ドバイで逮捕された外国人のありえない「罪」 異性とホテルの部屋を共有するのもアウト
リーズ・ユナイテッド・フットボール・クラブの元マネジング・ディレクターで、スターリングの弁護士事務所のパートナーでもあるヘーグは、22カ月間拘禁され、繰り返し拷問を受けたと話す。拷問は自白書に署名させるためのものだったが、彼が自白することを期待されていた起訴内容に関しては、書類を一度も見たことがなかったという。

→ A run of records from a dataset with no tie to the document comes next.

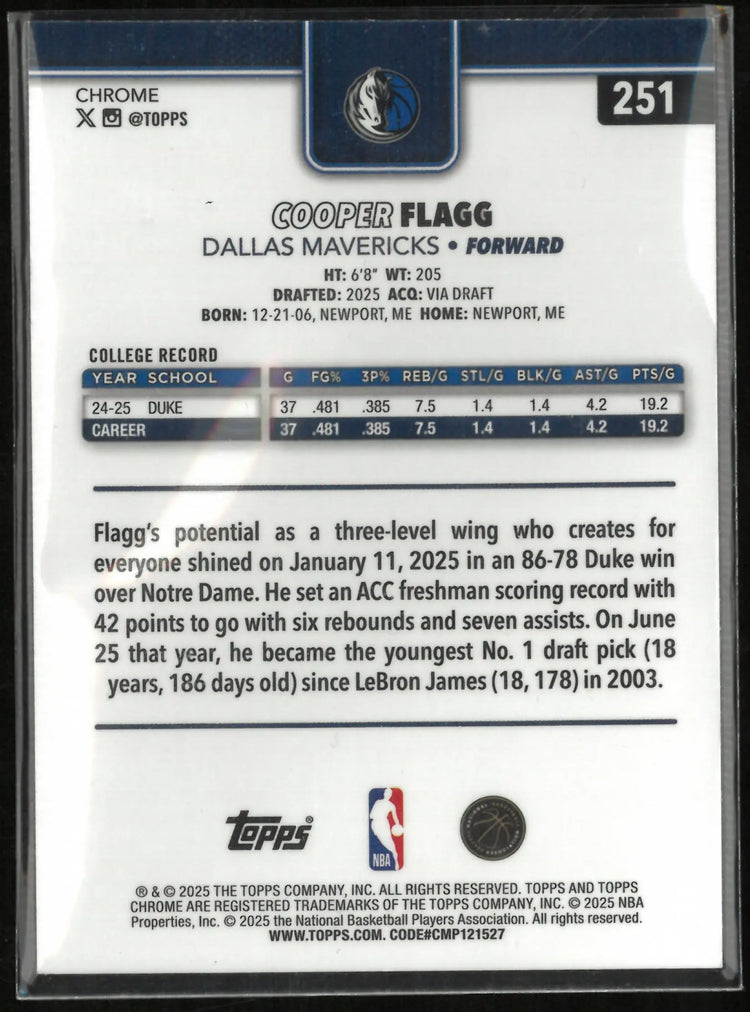 2025 Topps Chrome Cooper Flagg Red/White/Blue RC 251 
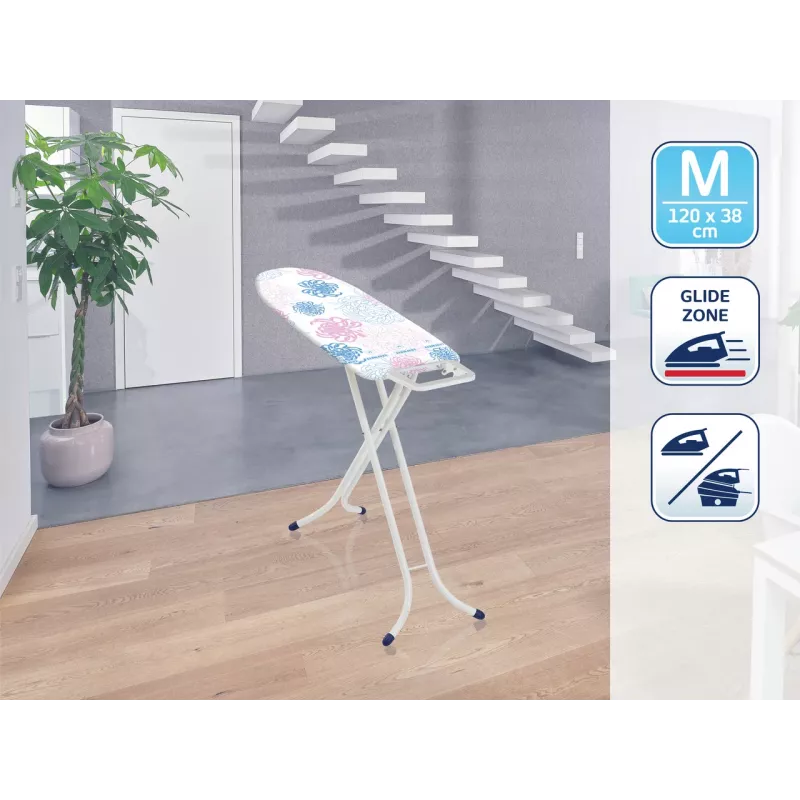 LEIFHEIT Ironing Board Classic M Compact 120x38cm | Adjustable Height, Foldable, Cotton Cover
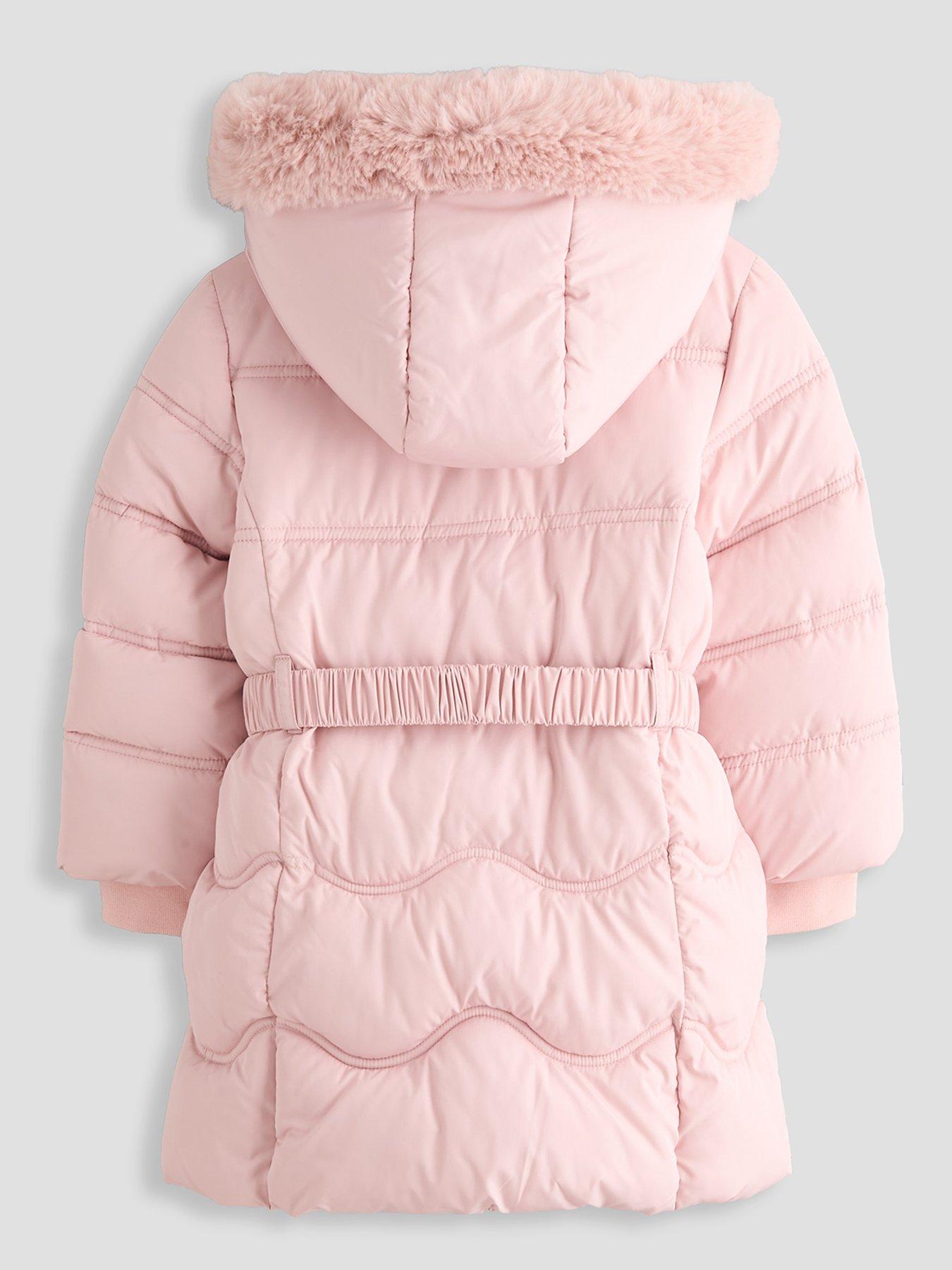 Image 2 of 6 of The Very Collection Girls Quilted Bow Coat With Hood (9 months - 7 years) - Pink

ヘーグは、リーズ・ユナイテッドに出資していたドバイの銀行、GFHキャピタルとの間で事業上のトラブルを抱えていた。ヘーグによると、食い違いを解消するためにドバイに来るよう仕向けられたが、到着すると背任容疑で捕らえられ、数カ月間は弁護士に会うことも認められなかったという。
刑務所にいる間に、ヘーグは攻撃的なメッセージをツイッターで投稿した罪で告発された。しかし、そもそも刑務所内では電話も持っておらず、インターネットにもアクセスできなかったという。その後、ツイッターの容疑に関しては無罪となったが、その時点ですでにもともとの15カ月の懲役に加えて、7カ月を刑務所で過ごしていた。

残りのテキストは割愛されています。